This article appeared in the Lilydale & Yarra Valley Leader on January 5, 2010:
"FABRIC OF TOWN INTACT AS GLOBAL GIFT SHOWS
From the ashes of Black Saturday has come an amazing outpouring of warmth and generosity.
When Julie Bell and Julie Warren began developing a project to allow local quilters to show their support to bushfire victims, they had no idea it would involve people from all parts of the globe.
A Warburton resident, Ms Bell was trapped in Marysville on February 7 and witnessed first hand the devastation.
Her family and several other by-standers helped a woman escape from a car that was crushed by a falling tree. When the woman was safely in an ambulance Ms Bell said the group turned to see thick black smoke just 100m from where they stood.

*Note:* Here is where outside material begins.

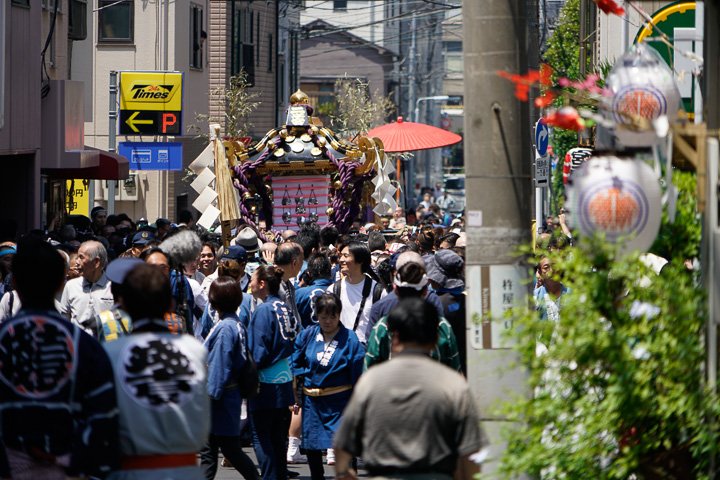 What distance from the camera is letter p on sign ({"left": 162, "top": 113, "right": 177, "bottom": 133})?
2216cm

They escaped the town and drove to nearby Alexandra, where they spent the night in a school hall filled with smoke from the fires.
"The one thing I experienced in the middle of all of that was an incredible sense of community," Ms Bell said. "People were looking after each other, and I was moved by their spirit."
Grateful to have escaped alive, Ms Bell decided she wanted to do something more to help Marysville on the road to recovery.
She began with a couple of planting days and then decided on a quilt project that would show the town's people they were not alone.
"I was a non-quilter so it was just an idea, but I was talking about it in a quilting shop in Healesville when Julie Warren, who was visiting from Mulgrave, overheard me and offered to help," she said.
The Beauty for Ashes project has collected more than 130 squares from quilters as far afield as England and Canada.
The giant quilt will be donated to Marysville on the one-year anniversary of the fires."